### Given data

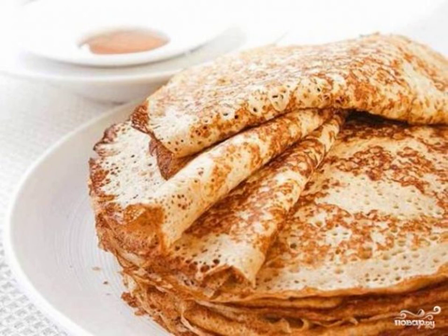Delicate and beautiful pancakes with a light taste of melted milk are a wonderful dish for Sunday breakfast for the whole family. It will not be difficult for you to cook such pancakes — they are prepared quickly.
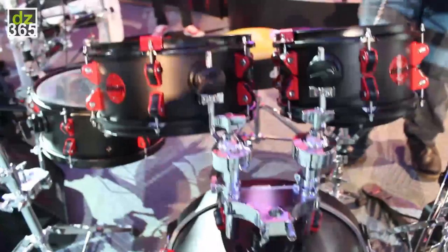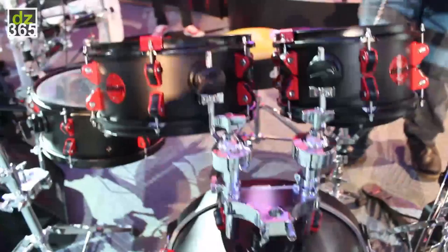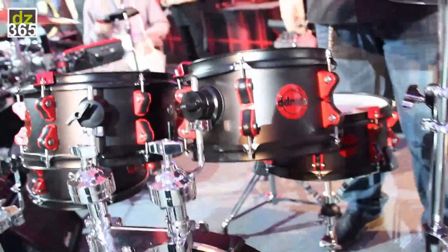It's a really good-looking kit, and it's the same across all the hybrid kits. Again, it's the black and red — we can't really get away from that, that's really our thing. So it comes as a shell pack, comes with a snare, no hardware included.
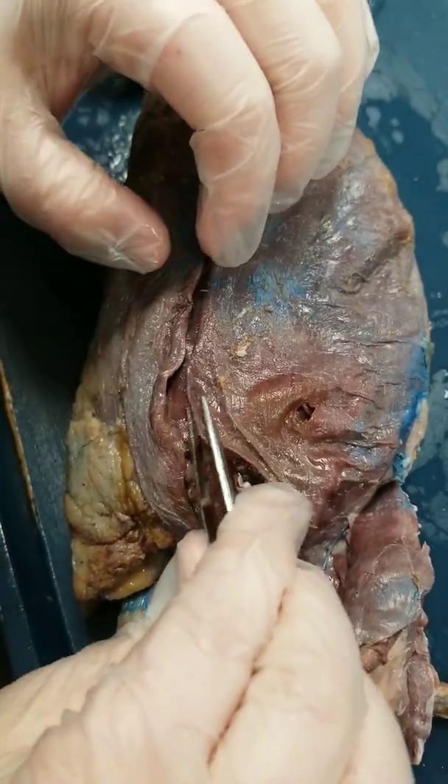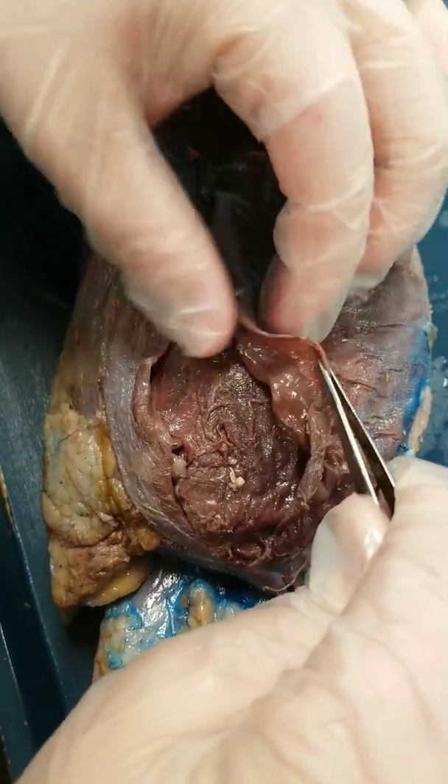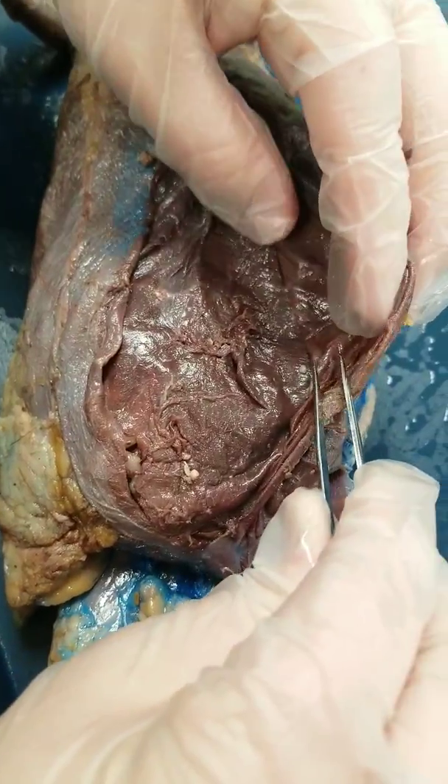By going underneath this edge, you can slowly but surely lift it back. You can see how thin it is.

### Work task
Restate the data above word for word. Do not include the images.

### Reply
Delicate and beautiful pancakes with a light taste of melted milk are a wonderful dish for Sunday breakfast for the whole family. It will not be difficult for you to cook such pancakes — they are prepared quickly.
It's a really good-looking kit, and it's the same across all the hybrid kits. Again, it's the black and red — we can't really get away from that, that's really our thing. So it comes as a shell pack, comes with a snare, no hardware included.
By going underneath this edge, you can slowly but surely lift it back. You can see how thin it is.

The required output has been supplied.